The newly appointed President of Madagascar, Andry Rajoelina, inaugurated on 19 January 2019, has acted quickly appointing his Prime Minister just three days after his inauguration, and a new, leaner Cabinet two days later. Prime Minister Christian Ntsay, reappointed on 22 January after resigning before the inauguration, announced Madagascar’s new Cabinet on 24 January. These appointments follow the historic December 2018 democratic election in the notoriously politically unstable island off Africa’s east coast. The 22-member Cabinet, including 21 ministers and a secretary of state, is leaner than the 30-strong team of the previous regime under then president, Hery Rajaonarimampianina. Amid crumbling public finances, a dire lack of infrastructure, and 75% of the country’s population living in extreme poverty, Rajoelina has attributed the downsizing to a need for austerity, with several ministries merging. These included the Ministry of Finance and the Ministry of the Economy and Spatial Planning; and the Ministry of Agriculture and Livestock and the Ministry for Agriculture and Fisheries (MAEP). The new Cabinet appointments mark a notable shift in Malagasy politics, but risks of instability and graft remain.
The Cabinet marks a transition in government, particularly as most of the new Cabinet reportedly comes from fields outside politics, including many technocrats who supported Rajoelina’s economic vision, the Emergence of Madagascar Initiative (IEM/Initiative Émergence Madagascar). Such appointments include Julio Rakotonirina as Minister of Public Health; Roger Rafanomezantsoa as Minister of Public Safety; Fidinarivo Ravokatra as the Minister of Mines and Strategic Resources; and Tianarivelo Razafimahefa, who was reappointed Minister of Interior and Decentralisation despite opposition allegations of fraud. Richard Randriamandranto, former advisor to Ntsay and previously head of research and strategy at the Common Markets for Eastern and Southern Africa (COMESA), was appointed Minister of Finance, and billionaire media tycoon Naina Andriatsitohaina as Minister of Foreign Affairs ‒ both considered close Rajoelina allies. Appointments to other strategic ministries also favoured allies, including Justice Minister, Jacques Randrianasolo, who served as Attorney-General (AG) at the Antananarivo Court of Appeal; while the new Minister of Defence is Major-General Léon Jean Richard Rakotonirina, who has been the Permanent Secretary of Defence and National Security (SPDSN) since 2017.

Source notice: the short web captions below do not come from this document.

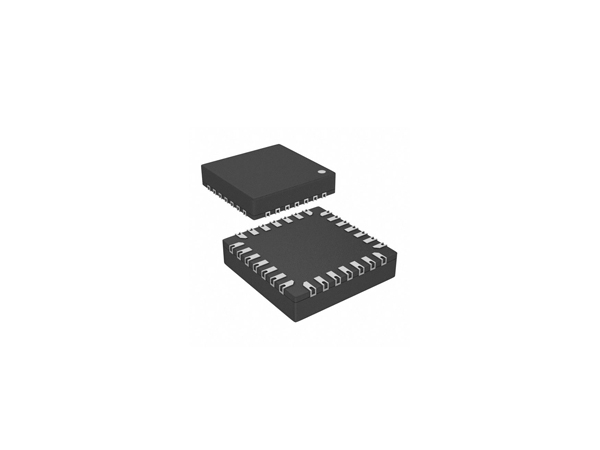提高M(jìn)CU抗干擾能力的10個(gè)實(shí)用細(xì)節(jié)【建議收藏】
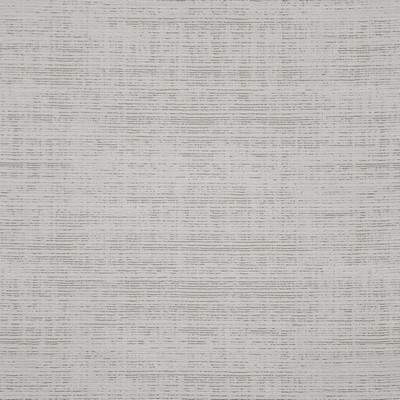 Maxwell Fabrics EQUATION                       # 823 ALABASTER          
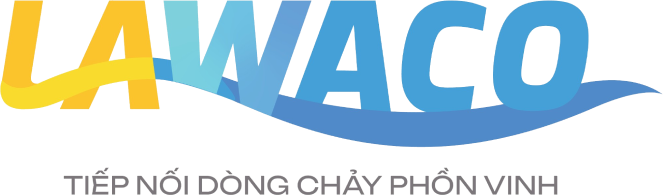 LAW logo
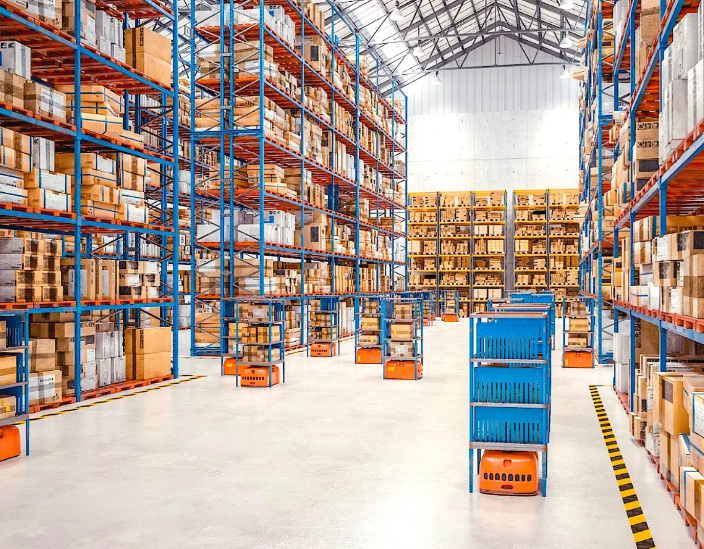 跨境電商海外倉政策大變革(備案取消,退稅加速,資金周轉迎來新曙光) 跨境電商海外倉政策大變革(備案取消,退稅加速,資金周轉迎來新曙光)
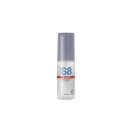 Żel-S8 Warming WB Lube 50ml - 1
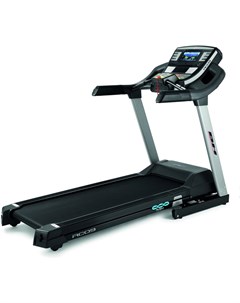 Беговая дорожка RC09 TFT Bh fitness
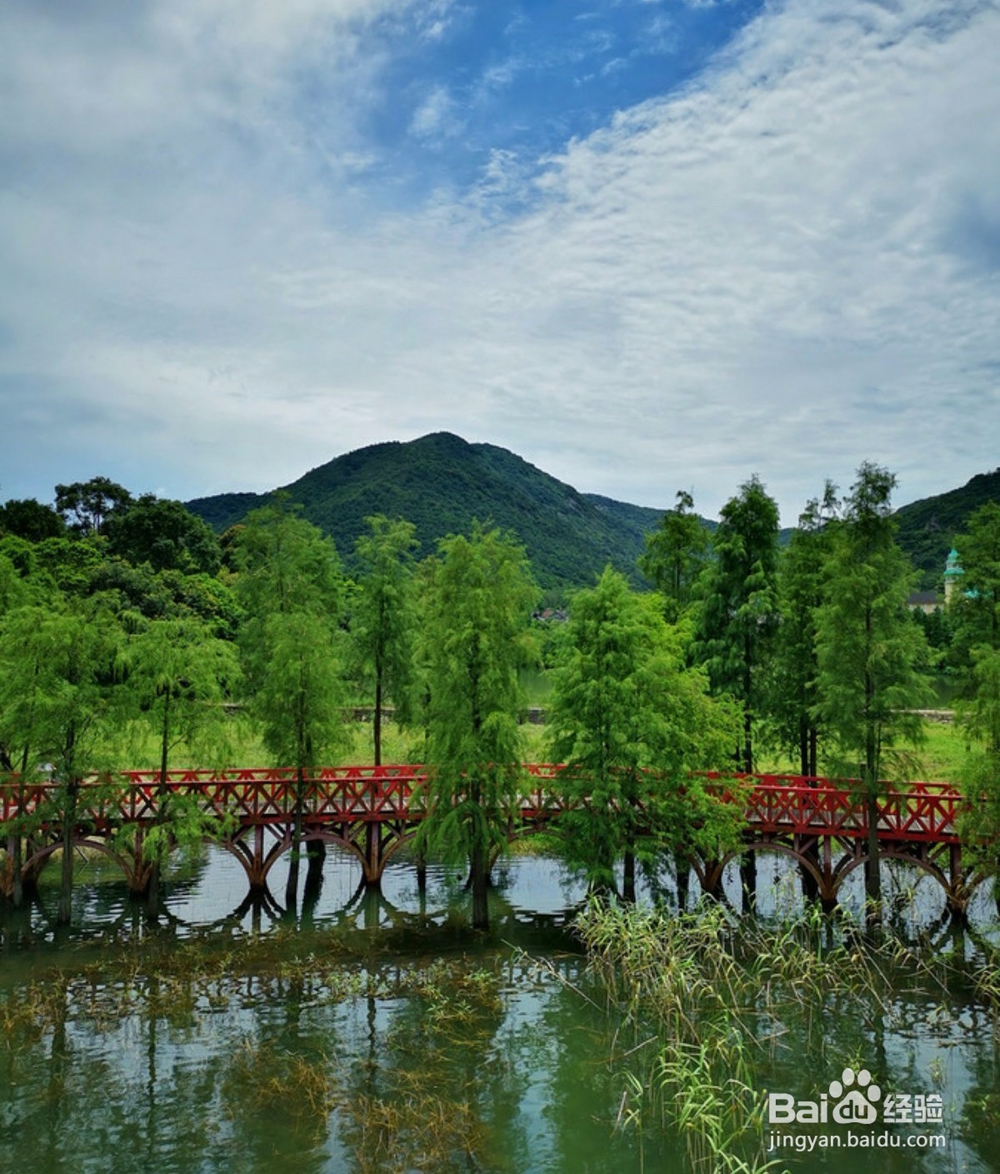 怎样通过谈话技巧说服对方？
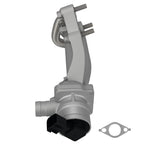 Secondary Air Injection Check Valve for Buick Lucerne V6 3.9L (2009–2010)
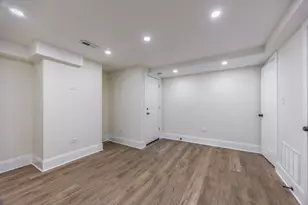 4638 N Hamilton Ave, Chicago, IL 60625 - Photo 21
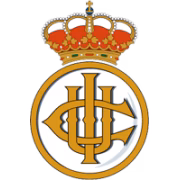 Real Unión Irún B герб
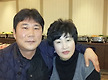 폰카라화질구..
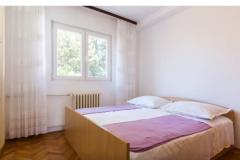 Apartmány Marin Apartmán 2 foto 5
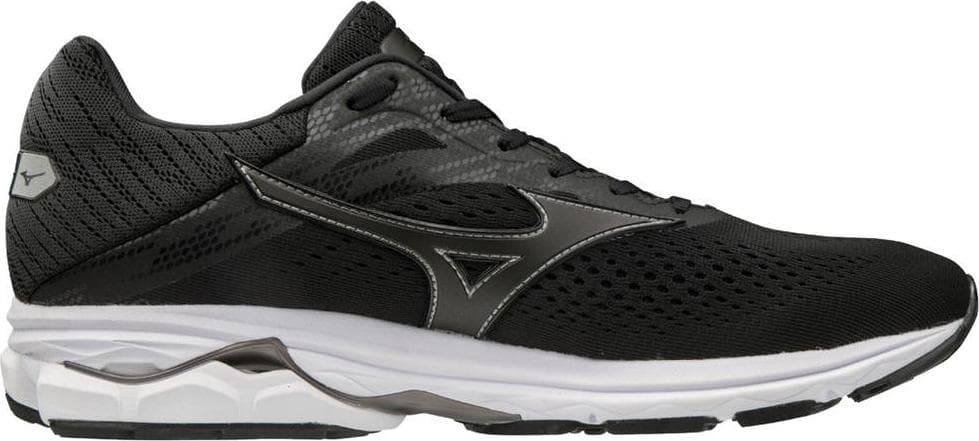 Product gallery image number 1 for product Wave Rider 23 Running Shoes - Men's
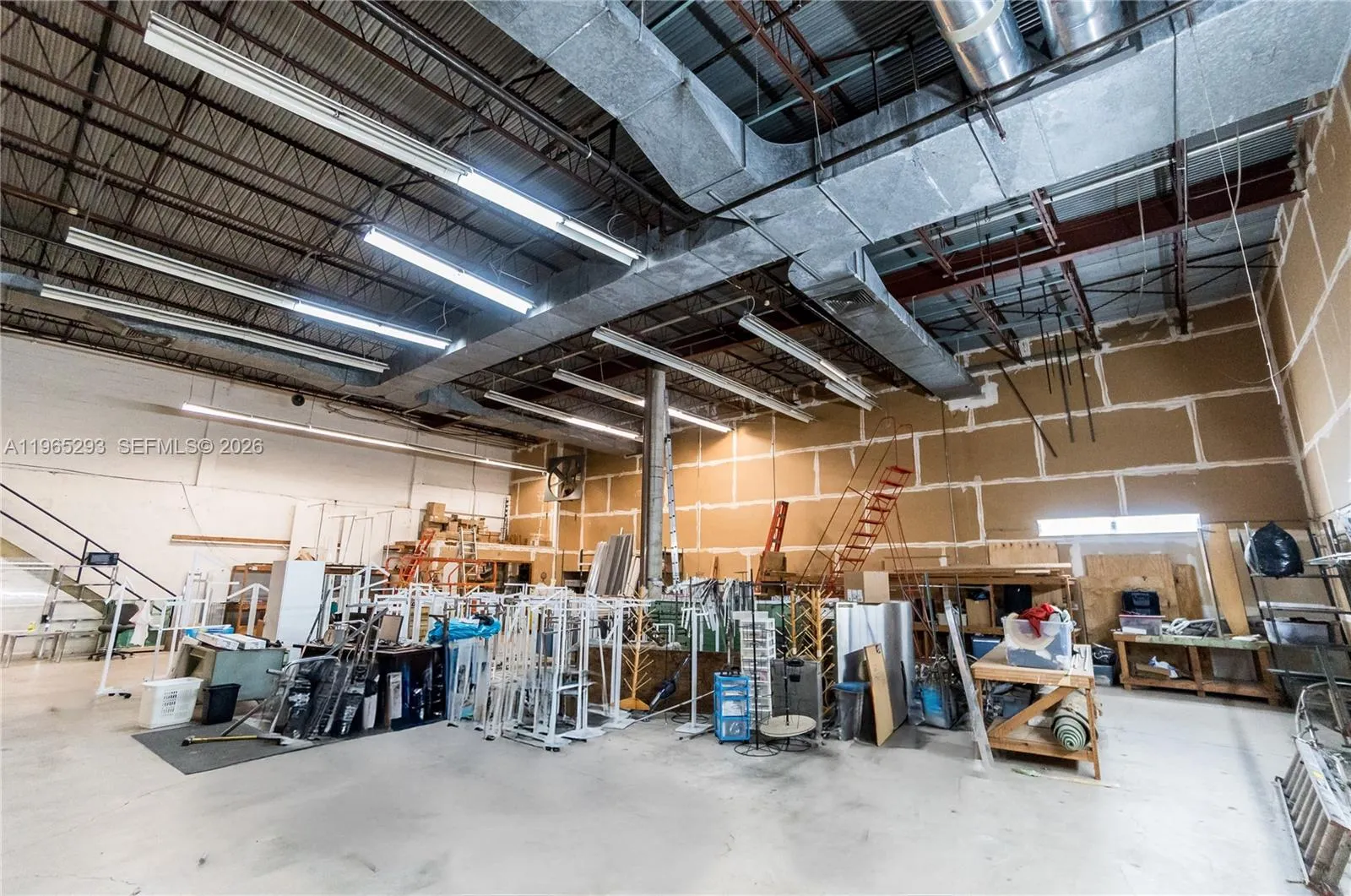 3149 W Hallandale Beach Blvd W, Pembroke Park, Flo, Pembroke Park, Florida 33009, ,Commercial Lease,For Rent,3149 W Hallandale Beach Blvd W, Pembroke Park, Flo,A11965293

The inclusion of private sector players in government has been lauded by business stakeholders, with the new Cabinet, at first glance, a team of young, highly qualified technocrats from universities in the United States, France and Canada. Others have commended Rajoelina for including opposition members. Opposition leaders and parliamentarians selected include Vondrona Politika Miara dia Malagasy Miara Miainga (VPM-MMM) President Hajo Andrianainarivelo, as Minister of Spatial Planning and Public Works; husband of Green Party President Saraha Georget Rabeharisoa, Alexandre Georget, as Minister of the Environment; and Freedom Party President, Lalatiana Rakotondrazafy Andriatongarivo, as Minister of Communication and Culture. However, party members from the main opposition party, the Tiako I Madagasikara (TIM), led by former president Marc Ravalomanana, are strikingly absent, while Madagascar’s key ministries are in the hands of Rajoelina loyalists likely to be strongly influenced by his agenda. The appointment of Andriantsitohaina, who has supported Rajoelina throughout his recent political comeback, as Minister of Foreign Affairs, is a case in point. This could leave the regime susceptible to hidden agendas, abuse of power and corruption. The previous regime headed by Rajoelina, when he took power in a military coup in 2009, was notorious for widespread corruption and instability, and left Madagascar polarised with heightened political tensions. The Cabinet overhaul will do little to alleviate these tensions in the short term, and will no doubt be met with criticism from the opposition, with the exclusion of major opposition players likely to fuel tensions and dampen initial optimism about reconciliation. Combined with strong enmity between Rajoelina and Ravalomanana, this lack of representation could undermine the prospects of longer-term stability, with the future of Madagascar still hanging in the balance.